If the roots of the equations $a x^{2}+2 b x+c=0$ and $b x^{2}-2 \sqrt{a c} x+b=0$ are simultaneously real then prove that $b^{2}=a c$.
It is given that the roots of the equation $a x^{2}+2 b x+c=0$ are real.
$\therefore D_{1}=(2 b)^{2}-4 \times a \times c \geq 0$
$\Rightarrow 4\left(b^{2}-a c\right) \geq 0$
$\Rightarrow b^{2}-a c \geq 0$ $\ldots \ldots(1)$
Also, the roots of the equation $b x^{2}-2 \sqrt{a c} x+b=0$ are real.

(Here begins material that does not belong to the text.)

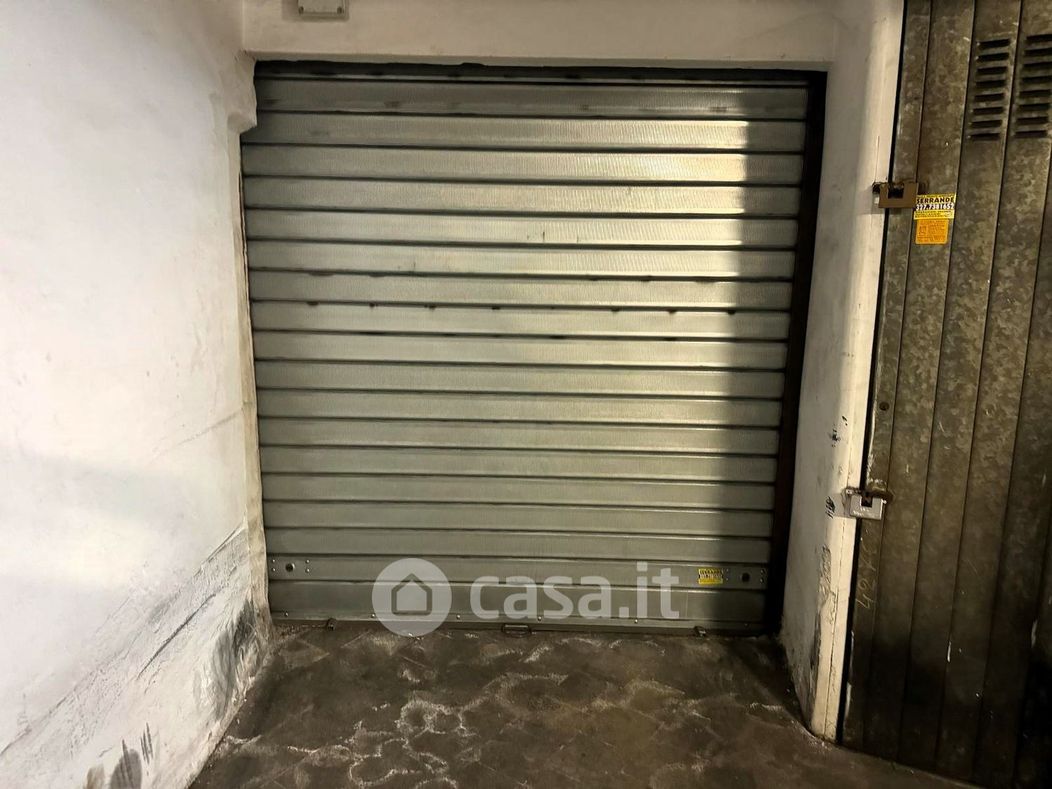 Garage/Posto auto in Affitto in Via della Madonna del Riposo 8 a Roma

$\therefore D_{2}=(-2 \sqrt{a c})^{2}-4 \times b \times b \geq 0$
$\Rightarrow 4\left(a c-b^{2}\right) \geq 0$
$\Rightarrow-4\left(b^{2}-a c\right) \geq 0$
$\Rightarrow b^{2}-a c \leq 0$ $\ldots \ldots(2)$
The roots of the given equations are simultaneously real if (1) and (2) holds true together. This is possible if
$b^{2}-a c=0$
$\Rightarrow b^{2}=a c$